C’était à Vienne, mais ça n’a plus d’importance à présent. Un ancien corps de bâtiment morcelé de boutiques franchisées et d’appartements décrépis jusqu’à l’os en étage des néons clinquants. Quelque part, une porte noire, étrangement basse, dans un immeuble des années 20, engoncée dans un cadre de vieil or crasseux. On dirait une serrure, dans un souffle. Il n’y a pas de porte, quand on s’approche, mais le moignon d’un couloir sombre, qui escamote les visiteurs par les côtés. Prendre à droite ou à gauche est indifférent : les deux entrées desservent un même espace. Une scène étroite, surplomb d’un encombrement de coussins et de tables basses culs par-dessus têtes. Un homme sans âge, avec des dents en or usé, offre le thé. Le lendemain, il n’y a plus rien là. Et le rien paraît très crédible. Les dorures sont là.
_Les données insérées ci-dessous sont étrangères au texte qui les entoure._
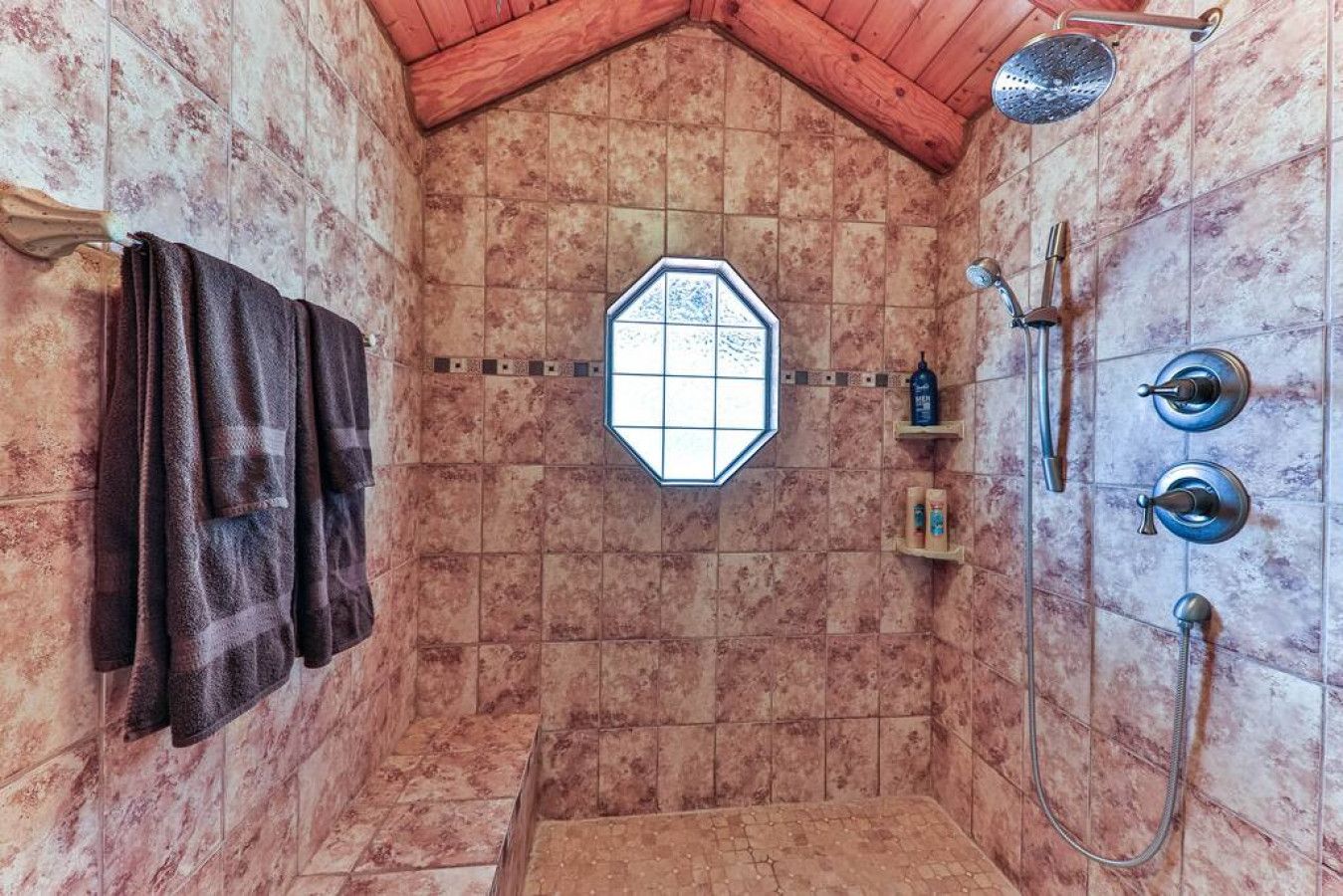 A shower room with a sloped ceiling, a window, and a towel rack.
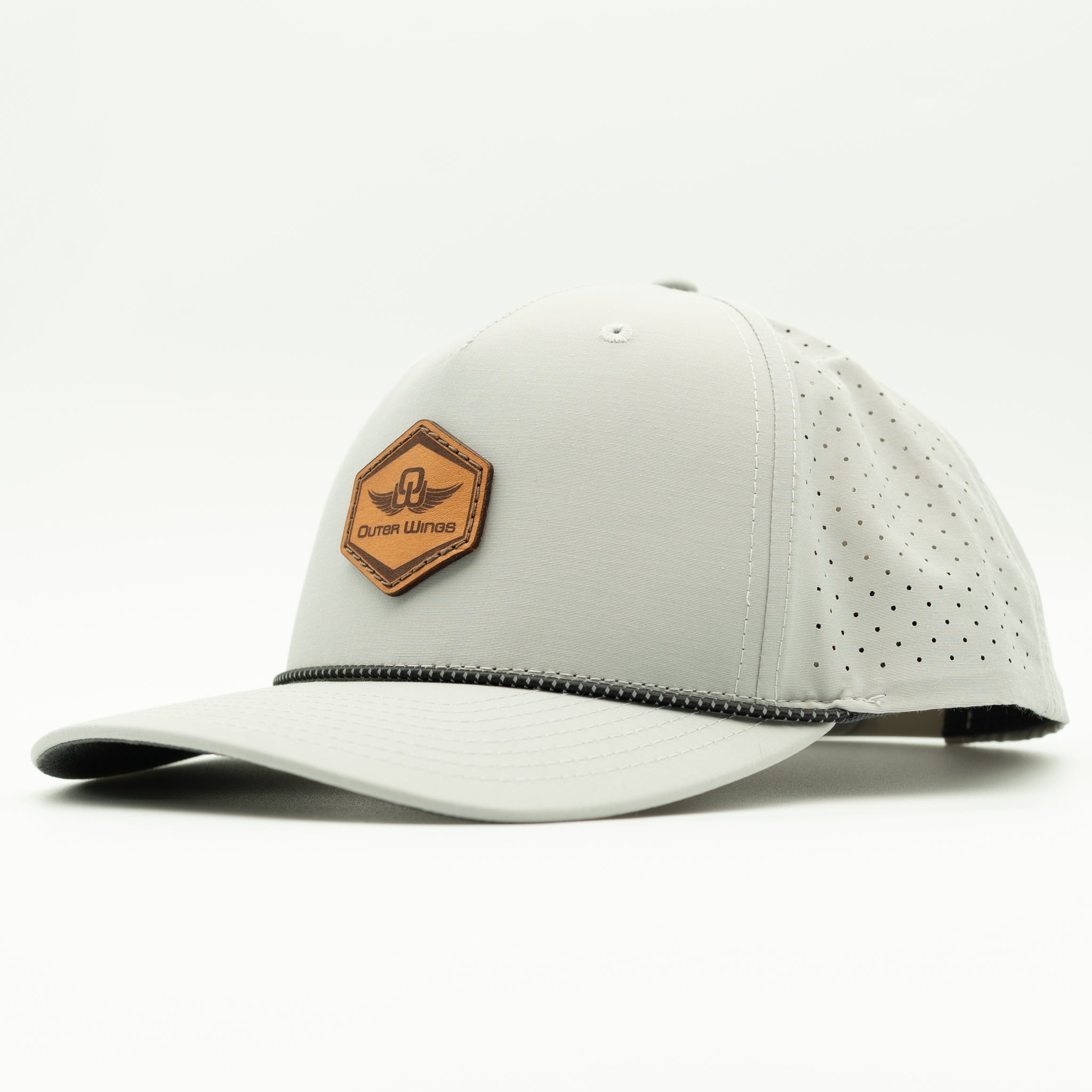 A light gray baseball cap with a brown hexagonal patch on the front that reads 'Outer Wings'. The cap features perforated side panels and a black stitched detail along the edge of the visor, set against a plain white background.

Color: Silver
Mais le trou de la serrure est muré de moellons peinturlurés de noir, bouche de pirate… Reste le goût du thé.
Le goût du thé — c’était peut-être autre chose : un alcool très fort, le jus d’un fruit qu’on ne connait plus — est inoubliable. дурак дурака видит издалека : un imbécile reconnait un autre imbécile de loin — un proverbe russe —… Qui a trempé ses lèvres dans le breuvage que je sais, se détache pour moi du bruit, de la foule, du temps qui l’emporte. N’importe où les signes du Sérail se reconnaissent, et une fois apparus, même furtivement, ils exigent d’être transcrits.
Quand l’Arlequin du Piccolo Teatro de Naples décide que le temps est venu pour lui de se retirer, après une longue vie de courbettes et de pirouettes, le jour où il prend sa retraite, le théâtre est vide. Personne ne vient travailler ce jour-là. Ni les administratifs — surtout pas le directeur —, ni les techniciens, ni les autres masques. Tout est plongé dans le noir. Sur la scène seule la servante, femme légitime d’Arlequin, éclaire. Il attend, le vieil Arlequin, le jeune Arlequin. Le masque est comme le roi : il ne meurt pas. Il ne peut même pas attendre trois jours pour ressusciter après un beau suspens, non, c’est immédiat : le roi est mort, vive le roi. Quant à l’acteur sous le masque, sous la couronne, il ne fait que passer par là. Le vieil Arlequin attend sur la scène. Il attend le jeune Arlequin qui pour une seule fois va entrer dans le théâtre par devant, comme un spectateur, comme Monsieur Tout-le-Monde. Il prend l’escalier de marbre, traverse le hall vide et le foyer du public sans croiser le moindre regard, invisible même aux statues. Il va pousser la porte de la salle et rejoindre, en laissant le jour derrière lui le vieil Arlequin et la servante qui patiemment l’attendent. Alors pendant tout le temps qu’il faut le vieil Arlequin dit au jeune Arlequin tous les secrets d’Arlequin. À l’aube, il quittera le théâtre, il traversa la salle, le hall toujours désert vers la ville, laissant sur la scène la servante et le jeune Arlequin. Laissant au théâtre la permanence.
J’entre dans le théâtre par le hall et la salle. La scène est vide, je suis la servante du Seigneur. Innombrables sont les voix qui me chuchotent leur secret. J’écris.
De courtes nouvelles. Des nouvelles données depuis un bout de ce monde à ce petit peuple éparpillé depuis la fermeture. Deux lignes. Deux pages. Trois cycles : avant, pendant, après. Parfois les textes sont ramassés ensemble pour un lectorat nécessiteux. Rarement. À quoi bon ? Chaque cycle toujours en augmentation, jamais achevé, susceptible à chaque coin de rue, à chaque visage vaguement familier, à chaque détournement d’un sens d’être contredit, renouvelé, rendu à son point de départ. Les cartes aussi, peuvent en raconter assez long dans leur hasard sur ce que sont nos amis devenus.